According to the simulation results, the firms’ external knowledge source, knowledge storage, and potential and realized absorptive capacities are obviously reduced with shortening the R&D period in the maturity stage. We can also see that although the technology-innovation achievements increase with a shortening of the R&D period, the growth rate tends to change slowly. We explain the system behavior as follows. During the stage of maturity, the product becomes more and more standardized (Mahapatra et al. 2012)—even though it is already difficult to differentiate products through technical advantages (Kikuchi 2010). In other words, the opportunities of the product technology improvement are limited in this stage. Therefore, compared with the growth stage, it is not conducive for the firms to either increase their knowledge storage or identify, acquire, assimilate, and utilize external knowledge if the R&D period is reduced in the maturity stage.

Figure 8 shows the system behavior in the declining stage. We can see that with the shortening of the R&D period, the external knowledge source and knowledge storage are decreased, the potential and realized absorptive capacities, technology-innovation achievements are increased, and the technology gap is not affected. We explain the system behavior as follows. The market demand for the products is drastically reduced until it is eliminated in the declining stage (Golder and Tellis 2004). Hence, the firm no longer needs to spend money on building an external knowledge linkage and improving its knowledge storage. However, in order to survive in the market, the firm should try to assimilate and exploit the existing knowledge, which results in an increase in potential and realized absorptive capacities and technology innovation. In addition, due to the decreasing market demand for the product in this stage, the product’s existing technological level can meet market needs, so the technology gap is not affected by changes made in the R&D period.

Knowledge diversity

Knowledge diversity is defined as the range of knowledge possessed by the organization with respect to the focal innovation (Fichman 2001; Roberts et al. 2012), which is one of most important factors that influences absorptive capacity (Cohen and Levinthal 1990; Roberts et al. 2012; Zahra and George 2002). In this study, the degree of this parameter is set at 1, 3, and 5, respectively, and the simulation results are shown in Fig. 9.
Fig. 9

The sensitivity simulation results of knowledge diversity

According to the simulation results, the main variables of the system remain almost constant during the introduction stage, which means that knowledge diversity has little effect on the behavior of the system in this stage.
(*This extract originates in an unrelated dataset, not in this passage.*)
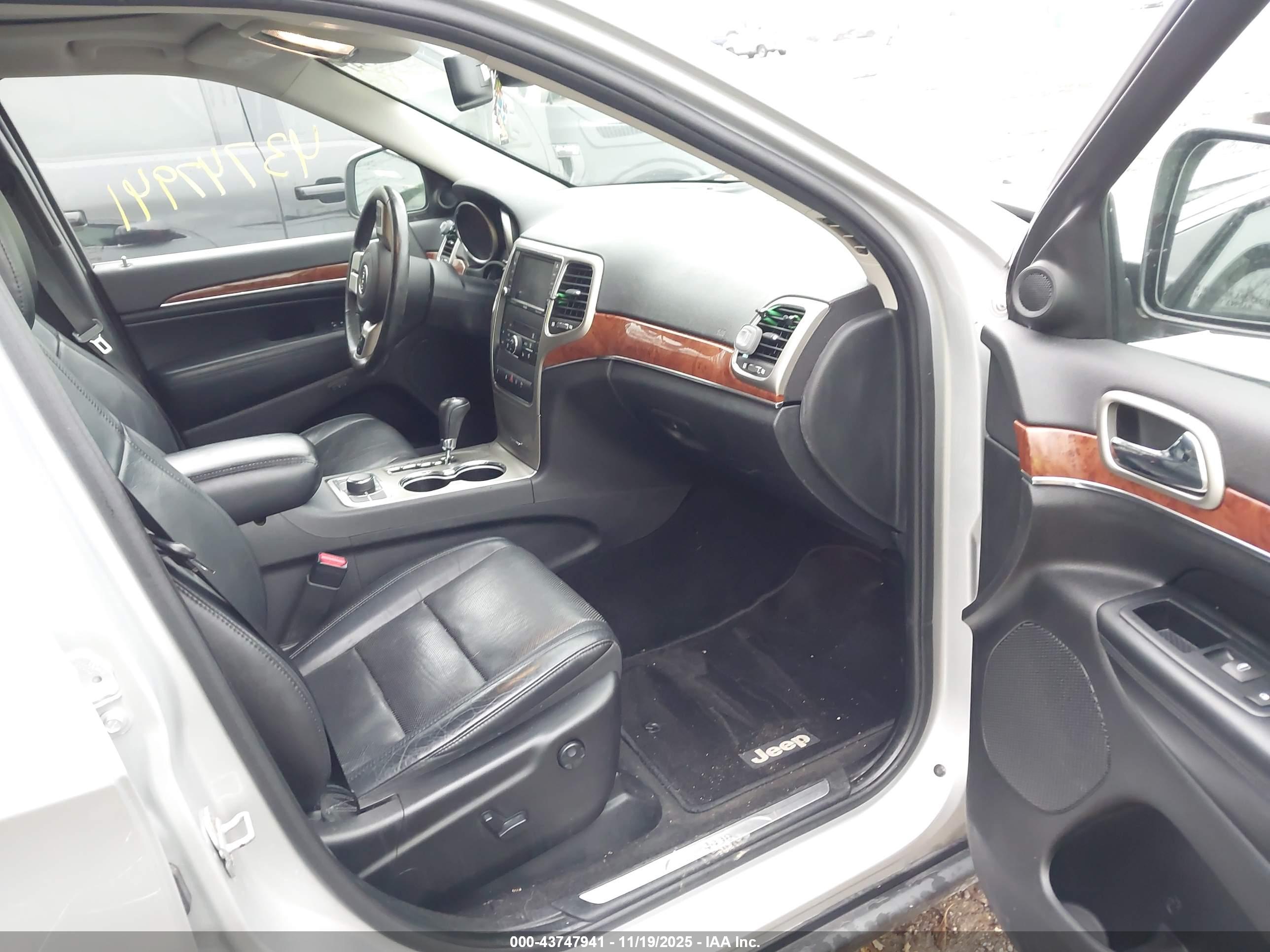 JEEP GRAND image 5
However, the main variables change significantly under different scenarios in the growth stage. According to the simulation results, the external knowledge source is reduced with increasing knowledge diversity, and knowledge storage, potential, and realized absorptive capacities, and technology-innovation achievements all increase as the technology gap is reduced. We explain the system behavior as follows. Because the firm possesses a greater diversity of knowledge in the growth stage, which can meet the needs of product improvement, the firm will not build more external linkages. Karniouchina et al. (2011) argue that “When a new technique shows promise, innovators and early adopters expand its use and start perfecting its application, which lead to growth and increased effectiveness” (Karniouchina et al. 2011, p. 44), and thus the function and performance are the most important factors in the growth stage. To improve the function of a product, the firm needs to achieve rapid improvement, and thus a greater diversity of knowledge is conducive for identifying, acquiring, assimilating, and exploiting external knowledge effectively, thereby accumulating technology-innovation achievements and narrowing down the technology gap.
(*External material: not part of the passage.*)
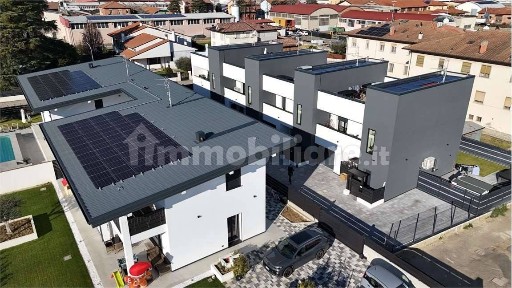Quadrilocale 3 CAMERE - 2 bagni - terrazzi e GIARDINO, Zona Industriale, Casola Canina, Imola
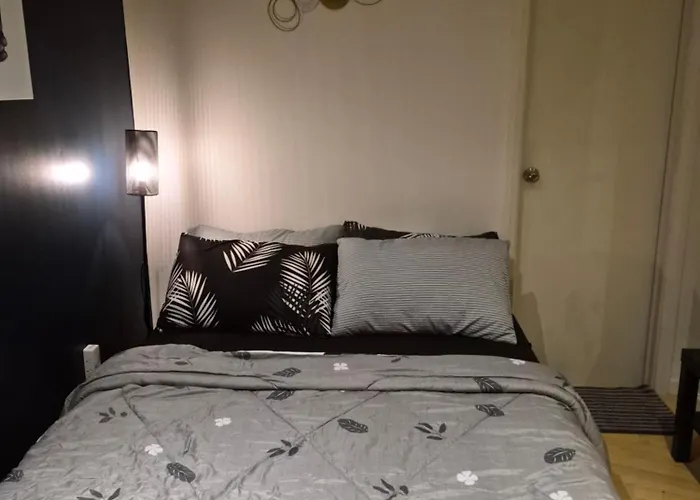 1br In Makati Ph, Tv, Infinity Pool, Sunset View, Mall Access * Manila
In the maturity stage, the simulation results show that, with the increase of knowledge diversity, the external knowledge source, the knowledge storage, and the technology gap are all reduced. An interesting finding is that although potential and realized absorptive capacities and technology innovation are growing in this stage, the growth rate slows with the increasing knowledge diversity. We explain these simulation results as follows. In the maturity stage, as the product gradually matures, the opportunities of product improvement are much more limited than in the growth stage, and therefore the firm needs more specialized knowledge to achieve a product-innovation breakthrough in this period. As Junkunc (2007) points out, specialized knowledge is focused on core business knowledge and is antecedent to an innovation breakthrough. In other words, in the maturity stage, the scattered knowledge diversity is not conducive to developing absorptive capacity and technology innovation.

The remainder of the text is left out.